What will this cover? Financing fees, insurance fees and legal fees and disbursements are among the basics.
In most circumstances, the lender will pay the brokerage fee if you use a mortgage broker. But, if you’ve hit financial hard times in the past, you may be required to pay this fee yourself, which can be 2% of the total mortgage. It’s best that you ask the cost up front so there are no surprises. You may also have to pay an application fee when you apply for a mortgage, although these fees can be waived, so ask your lender if this may be the case.
Mortgage insurance may be required if you have a high-ratio mortgage, which can range between 0.5 and 3.75% of the total mortgage. Often, you can roll this amount into your monthly mortgage payments. And, don’t forget about the application fee you will have to pay to secure this mortgage insurance, which can be anywhere from $75 to $235 if an appraisal is needed.
Legal fees and disbursements
There is a lot of paperwork for your lawyer to review, including conducting the title search, any mortgage documents to be drawn up and any details in the closing of the sale.

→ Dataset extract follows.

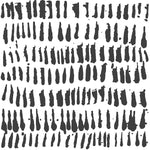 Load image into Gallery viewer, Seya 12" x 12" x 1.5mm Vinyl Tile Peel and Stick Vinyl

How do you know how much property tax you will have to pay? Your Toronto real estate lawyer will outline everything for you, i.e. the calculation of the property tax based on your home’s assessed value and local property tax rates. He will also discover if the previous owners had paid any property taxes in advance. If so, your real estate lawyer will divulge how much property taxes will be repaid to the seller, pro-rated to the closing date.
It’s your lawyer’s responsibility to search the title of the property and certify its status before purchasing title insurance for their clients. They will look for any possible liens against the house, including construction liens, unpaid balances on utility services and, in the case of a townhouse or condominium unit, they will research the health of the property management company, looking at the company’s yearly budget and just how much is in the reserve at the time of purchase. A reserve will cover any scheduled maintenance like roofing, balcony repair and window and replacements, as well as any unforeseen maintenance and repair costs.
Once your real estate lawyer searches the title and title status, they will purchase the title insurance for you, their client, making sure the title insurance is transferred to the new owners after the purchase is complete. Title insurance protects the owners and the mortgage lender from any defects noted in an updated survey, including survey errors or the illegibility of the survey, contraventions of municipal zoning bylaws, encroachments, title defects, any liens, fraud or forgery and any unpaid property taxes or utility bills, to name a few. Your lawyer will outline everything covered in the title insurance policy.
That’s when the real fun begins and reality sinks in. After signing all of the necessary paperwork – and there is a lot – your lawyer’s final duty is to hand over the keys to your new property… or is it?
It is if all goes well and the previous owners have left the house to you in relatively good shape with all of their personal items (not to mention garbage) taken out of the house and the items like washer and dryer, refrigerator or window coverings outlined in the purchase agreement in their place, then this is where you will part ways. If the sellers have broken the agreement or left possessions behind for you to dispose of, then it’s your lawyer’s right to step in on your behalf.